瞧著凌月芽走過來,容九從暗影中走出來,面無表情的說道:“路過?!?p> “容……,少俠,這么巧!走走走,跟我們一起吃烤魚!”凌月芽見是容九,臉上立刻綻放笑容,熱情的招呼著。
說著,凌月芽自來熟的去拉容九的手臂,但容九卻將手負(fù)于身后,避開了凌月芽的碰觸。
凌月芽的手抓了一個空,為了掩飾尷尬,她抬手捋了一下頭上的劉海,轉(zhuǎn)身看了一眼身后的甘泰與阿依古麗,忽的想起容九過去確實不合適。
扭過頭來瞧了一眼容九,凌月芽頗為遺憾的將手中的烤魚塞到他另一只手上說道:“不跟我們一起吃也罷,送你一條烤魚吧!”

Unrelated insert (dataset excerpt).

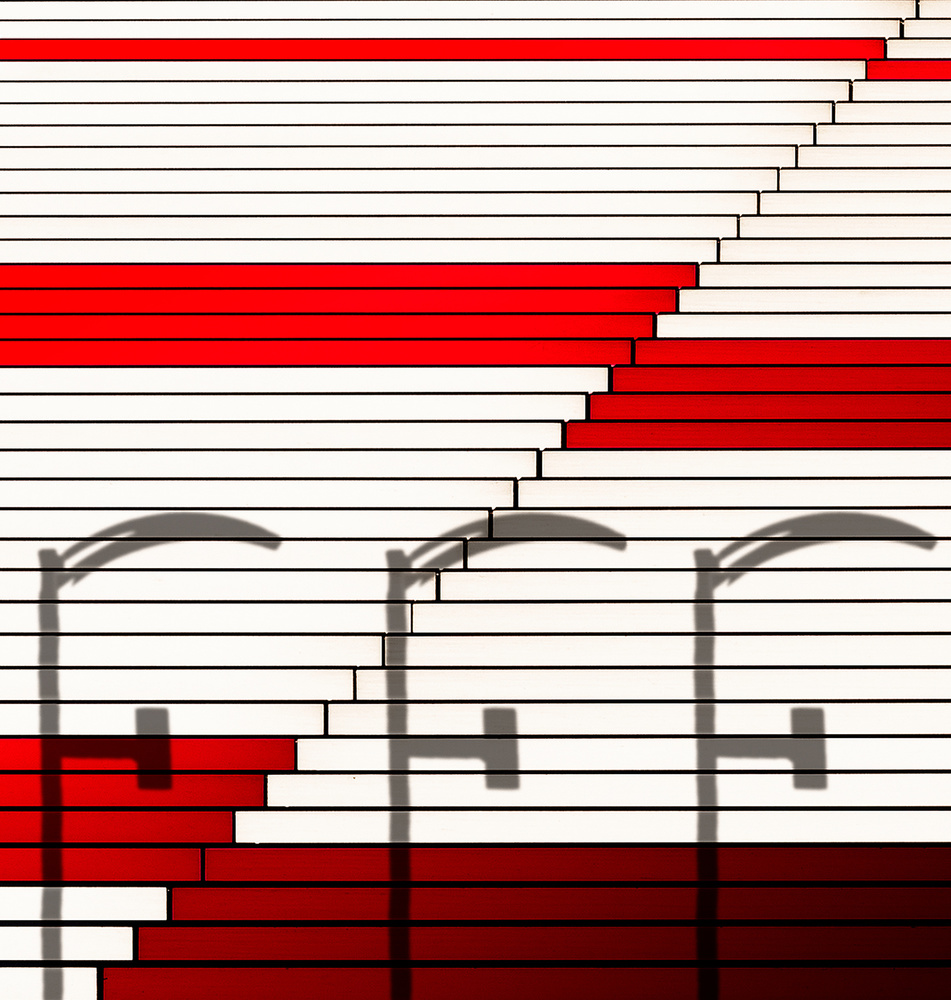 displaced von Tomasz Buczkowski ( Tomush )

容九還未拒絕,凌月芽塞完烤魚仿佛想到什么說道:“等等啊,我再去馬車上給你拿一壺梨花白,凌氏秘制烤魚配梨花白,包你滿意!”
瞧著凌月芽跑向馬車,容九低頭看了一眼手中的烤魚,最終還是沒有扔掉,但也沒有等著凌月芽回來轉(zhuǎn)身走進(jìn)湖邊的深林里。
凌月芽拿著一壺梨花白興沖沖的回來時,容九已經(jīng)走了,她氣的哼了一聲說道:“不識好人心!”

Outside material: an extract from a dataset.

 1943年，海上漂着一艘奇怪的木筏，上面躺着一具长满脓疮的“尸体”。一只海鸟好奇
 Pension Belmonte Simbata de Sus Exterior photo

氣呼呼的凌月芽拿著梨花白走到甘泰和阿依古麗跟前坐下,拿起最后一條烤魚咬了幾口,再喝了一口梨花白,剛剛升起的怒氣只冒了個頭便被她忘到九霄云外了,滿足的發(fā)出感嘆:“嗯~不錯不錯!”
甘泰與阿依古麗見狀對視一眼一起笑出聲。
甘泰知道凌月芽雖然貪玩,但是素來有分寸,凌月芽不多說那黑衣人的身份,他自是不問。
三下五除二,一條烤魚進(jìn)了凌月芽的肚子,喝了幾口梨花白她滿足的擦了一下嘴,微醺之下突然感慨道:“這么美味的梨花白,那人竟然不喝就走了,算了,看在他幫我過幾次的份上,我大人不記小人過,送去給他嘗嘗。”
說罷,凌月芽拎起另一瓶梨花白跟甘泰二人招呼一聲便走,甘泰又是連連囑咐早去早回之類的話語。

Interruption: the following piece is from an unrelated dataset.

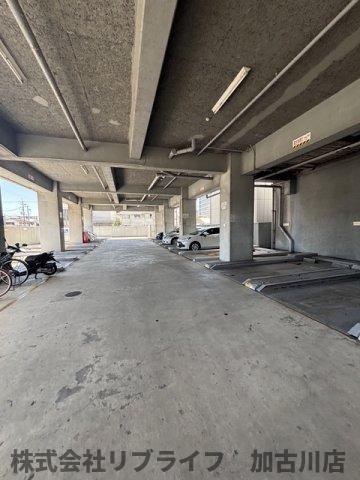 ハッピーコート加古川の駐車場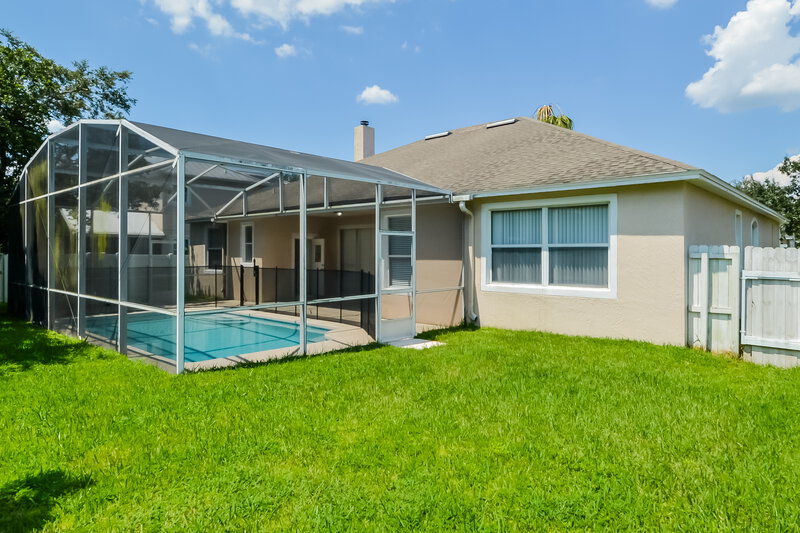 2,950/Mo, 14834 Oldham Dr Orlando, FL 32826 Rear View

凌月芽擺擺手往樹林走去,才下過雨的樹林濕漉漉的,很容易留下人或者動物行走的痕跡,凌月芽總共也就耽擱了一盞茶的功夫,這些痕跡還很新鮮。
約摸一炷香的時間,凌月芽順著痕跡走到林子深處,忽的覺察到痕跡不對,似乎不止一人走過,她頓時猶豫是否還要往前尋過去,暗自嘟囔著:“該不會是落云宗在里面處理什么事物吧,若是被我撞見不該看見的東西,容九那冷臉的家伙會不會滅口呀?”
正在凌月芽縮頭縮腦間,一個黑影跌跌撞撞的向她的方向撞過來,凌月芽戒備的抽出腰間九節(jié)鞭,但瞧著來人似乎受傷,她沒有貿(mào)然出擊。
然而那人走到近前,卻一掌拍向凌月芽的胸口,凌月芽往后急退,退到一半瞧清楚那黑影的臉驚奇的喊道:“容宗主!發(fā)生了何事?”
容九一擊落空,背靠著一棵樹穩(wěn)住身形,他此刻狼狽至極,頭發(fā)披散,臉色發(fā)青,因為強(qiáng)忍著難受,脖子上的青筋鼓起來,但他依舊拼盡全力的挺直身形,聲音森寒的說道:“你激我毒發(fā),還問我何事!”